▶ Exercise brief
Reproduce exactly the entries from the "From this page, your" line to the end. Skip all pictures.

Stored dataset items
+ + + +

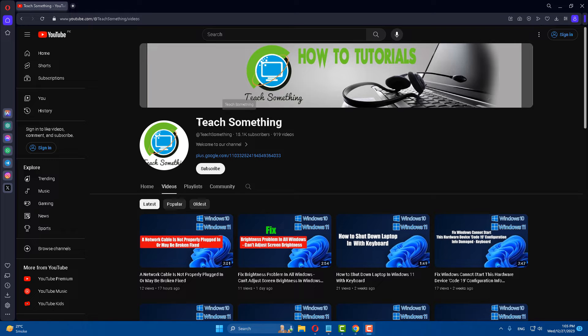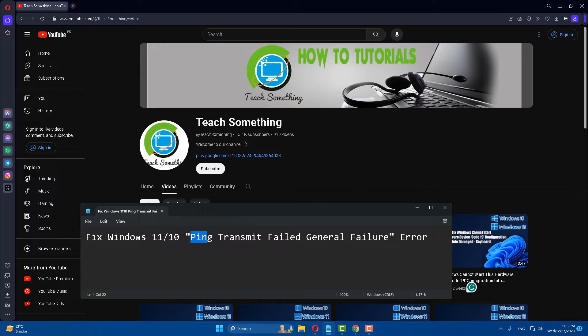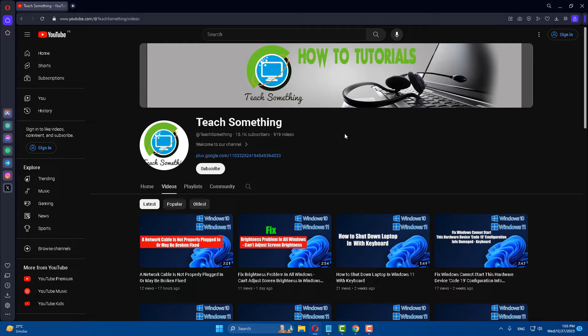Hello guys, welcome to my channel Teach Something. In this video tutorial, I will show you how to fix the Windows 11 as well as Windows 10 ping transmit failed general failure error. Before starting the video, I humbly request you please subscribe my YouTube channel for more updates. So let's start.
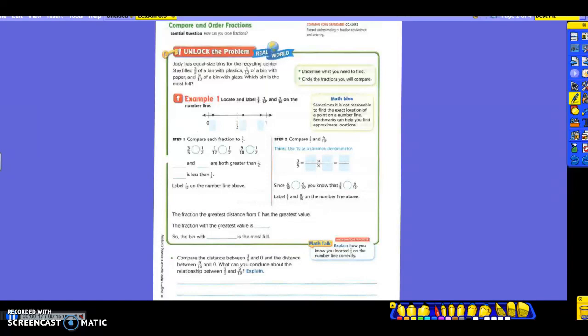The first question says: Jody has equal-size bins from the recycling center. She filled three-fifths of a bin with plastics, one-twelfth of a bin with paper, and nine-tenths of a bin with glass. Which bin is the most full? We're going to highlight the question and circle the fractions we need to compare: three-fifths, one-twelfth, and nine-tenths.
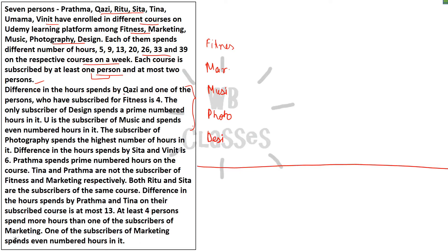The difference in the number of hours spent by Kazi and one of the persons who have subscribed to Fitness is 4. The only subscriber of Design spends a prime number of hours in it — so only one subscriber. If we look at prime numbers, that could be 5 or 13.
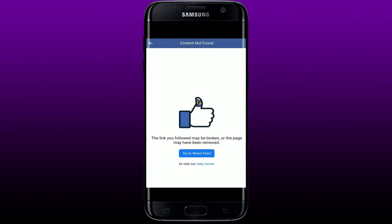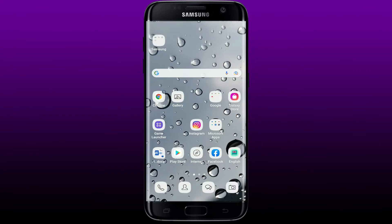If you're seeing this kind of interface whenever you're trying to go through a page on Facebook, then don't worry at all — here are some solutions for you. If you are going through this kind of problem on Facebook, you might have a cache or temporary data issue. You can try clearing your cache and temporary data.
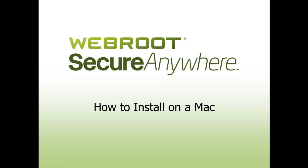Hello, and welcome to the Webroot SecureAnywhere instructional series. For this video, I'll be taking you through the Mac installation process.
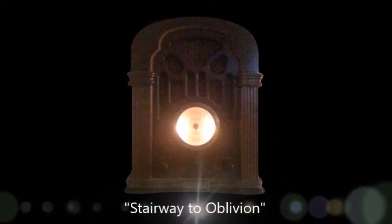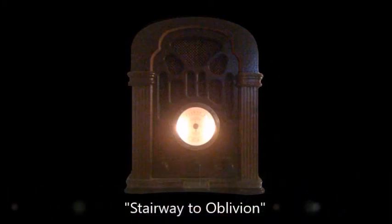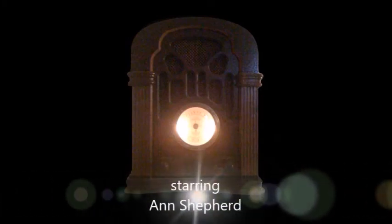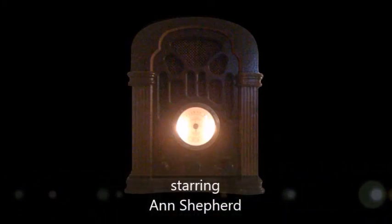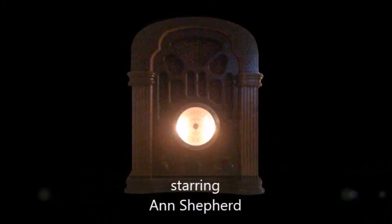Our mystery drama, Stairway to Oblivion, was written especially for the Mystery Theater by Elizabeth Pennell and stars Anne Shepard. It is sponsored in part by Buick Motor Division. I'll be back shortly with Act One.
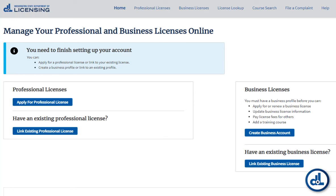From this page, your options include applying for a new license and linking your existing license information. Thank you for watching.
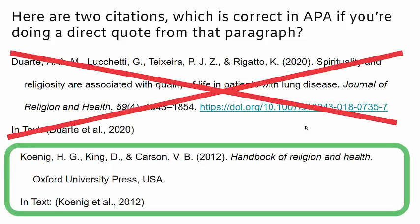The correct answer is that you need to cite from the original source. So though it was an article written by Duarte, Lucchetti, Tixeira, and Rigato from 2020, if you were citing that particular part about evidence related to spirituality leading to better outcomes — particularly a direct quote — you would need to cite from Conin, King, and Carson from the Handbook of Religion and Health.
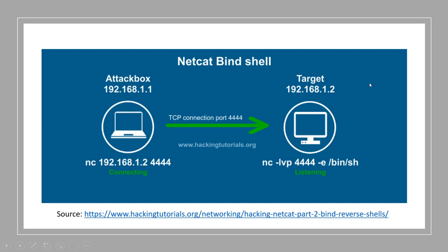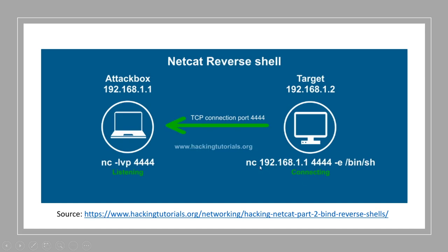With the bind shell, it's a little bit different. We have our attack box and then our target. With a bind shell, we actually open up a port on the target machine and then we connect to it. We fire off an exploit, the exploit goes in and opens up a port, and then it's listening for us to connect. When we connect on that specific port to that specific machine with netcat, we get that shell and it executes bin/sh. All you need to know is: reverse shell means the target connects back to us; a bind shell means we connect to the target.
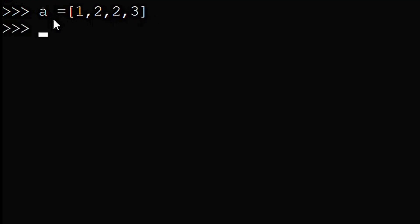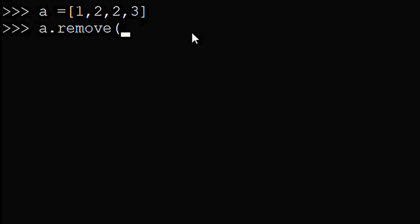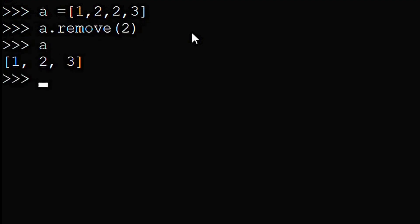If we do a.remove(2), the first 2 gets removed and the list now contains 1, 2, and 3.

+ + + +

▶ Task answer
From this page, your options include applying for a new license and linking your existing license information. Thank you for watching.
The correct answer is that you need to cite from the original source. So though it was an article written by Duarte, Lucchetti, Tixeira, and Rigato from 2020, if you were citing that particular part about evidence related to spirituality leading to better outcomes — particularly a direct quote — you would need to cite from Conin, King, and Carson from the Handbook of Religion and Health.
With the bind shell, it's a little bit different. We have our attack box and then our target. With a bind shell, we actually open up a port on the target machine and then we connect to it. We fire off an exploit, the exploit goes in and opens up a port, and then it's listening for us to connect. When we connect on that specific port to that specific machine with netcat, we get that shell and it executes bin/sh. All you need to know is: reverse shell means the target connects back to us; a bind shell means we connect to the target.
If we do a.remove(2), the first 2 gets removed and the list now contains 1, 2, and 3.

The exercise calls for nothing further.